*** Opening of Provided material ***

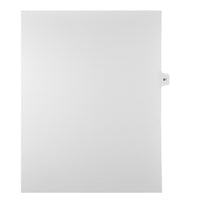 Mark Maker Legal Tabs - Letter Size - White - 1/15th cut - 25 tabs per package - 5 packages Pack - Number 81-White Single Tabs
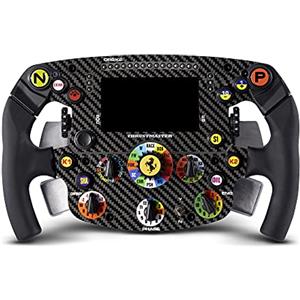 Thrustmaster Formula Wheel Add-On Ferrari SF1000 Edition, Volante Replica, PS5, PS4, PC, Cruscotto con Display e LED, Placca Frontale 100% Fibra di Carbonio, su Licenza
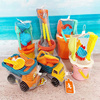儿童沙滩玩具大号沙漏套装组合女孩宝宝玩沙洒水车决明子工具海边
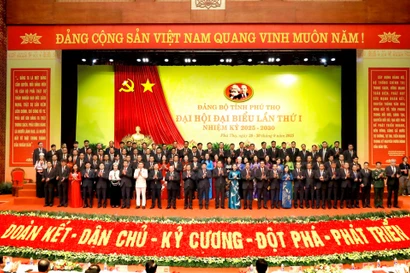 1-ый съезд партийной организации провинции Футхо 2025-2030 годов. (Фото: ВИА)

*** Close of Provided material ***

• **What to do**
Hand back every line of the material, exactly, without the pictures.

• **Exercise response**
 Mark Maker Legal Tabs - Letter Size - White - 1/15th cut - 25 tabs per package - 5 packages Pack - Number 81-White Single Tabs
 Thrustmaster Formula Wheel Add-On Ferrari SF1000 Edition, Volante Replica, PS5, PS4, PC, Cruscotto con Display e LED, Placca Frontale 100% Fibra di Carbonio, su Licenza
儿童沙滩玩具大号沙漏套装组合女孩宝宝玩沙洒水车决明子工具海边
 1-ый съезд партийной организации провинции Футхо 2025-2030 годов. (Фото: ВИА)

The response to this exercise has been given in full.